● **EXERCISE OBJECTIVE**: Your copy of the entries below should hold exactly the lines from the one containing "thumbnail image 5" to the one containing "BodyCandy 16G 5/16", inclusive, and no pictures.

● **TASK INPUTS**:
"""

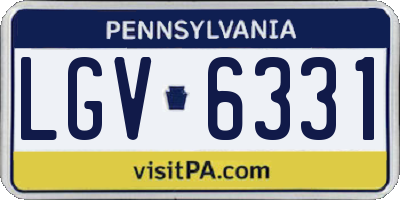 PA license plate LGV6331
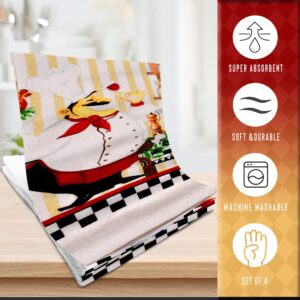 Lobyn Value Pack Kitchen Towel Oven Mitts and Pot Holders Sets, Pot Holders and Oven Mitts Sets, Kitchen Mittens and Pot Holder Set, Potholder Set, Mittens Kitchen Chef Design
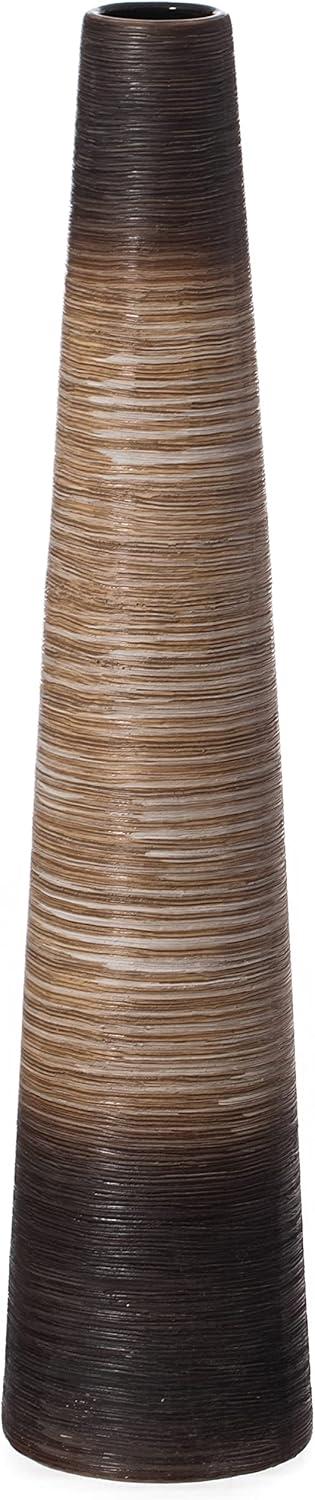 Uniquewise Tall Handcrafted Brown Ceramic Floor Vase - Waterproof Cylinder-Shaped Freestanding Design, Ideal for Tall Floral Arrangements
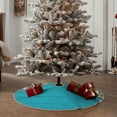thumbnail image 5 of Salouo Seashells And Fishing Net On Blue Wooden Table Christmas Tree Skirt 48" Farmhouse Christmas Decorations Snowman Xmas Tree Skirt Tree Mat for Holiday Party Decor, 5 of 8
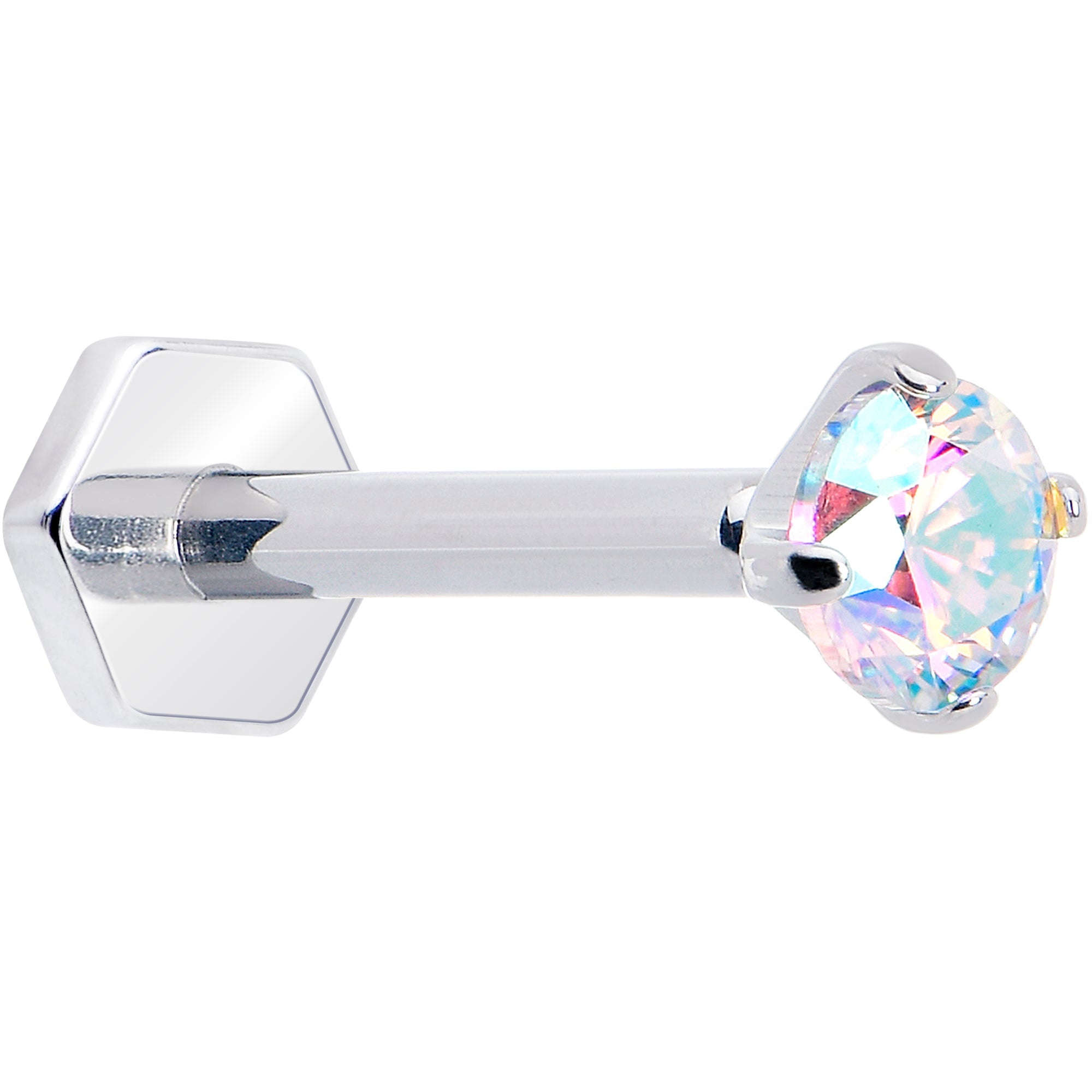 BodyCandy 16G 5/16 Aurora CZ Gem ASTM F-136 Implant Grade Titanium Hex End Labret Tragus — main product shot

"""
"""

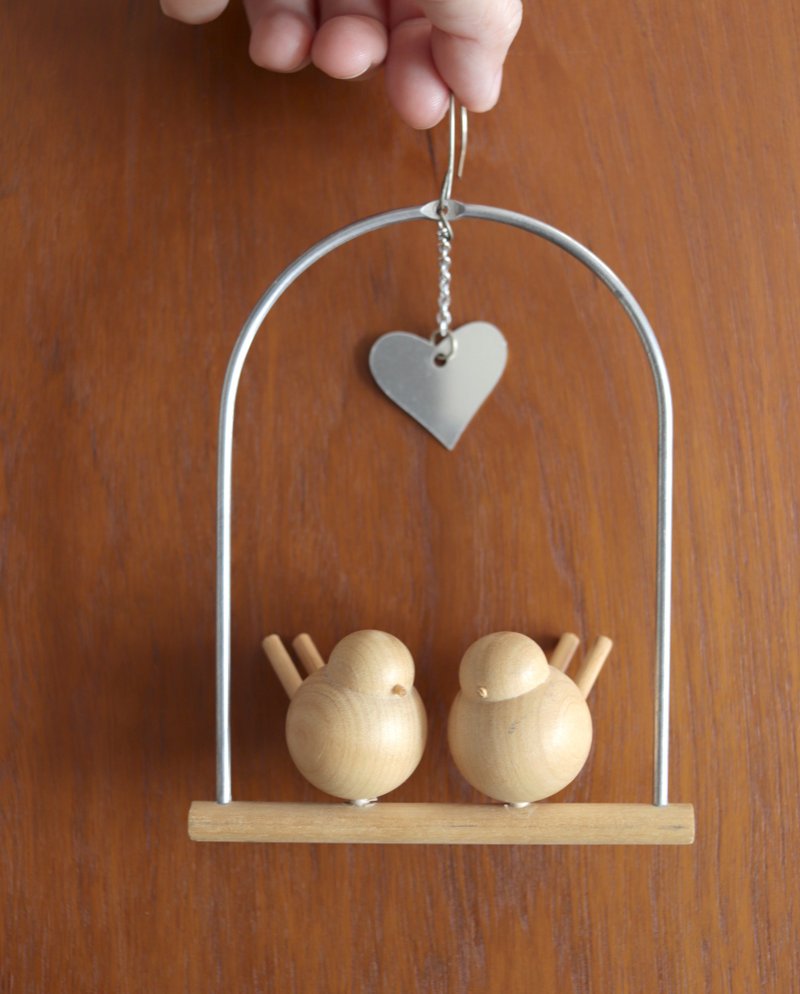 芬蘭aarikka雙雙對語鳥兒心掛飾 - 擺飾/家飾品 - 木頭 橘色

"""

● **RESULT FOR THIS EXERCISE**:
thumbnail image 5 of Salouo Seashells And Fishing Net On Blue Wooden Table Christmas Tree Skirt 48" Farmhouse Christmas Decorations Snowman Xmas Tree Skirt Tree Mat for Holiday Party Decor, 5 of 8
 BodyCandy 16G 5/16 Aurora CZ Gem ASTM F-136 Implant Grade Titanium Hex End Labret Tragus — main product shot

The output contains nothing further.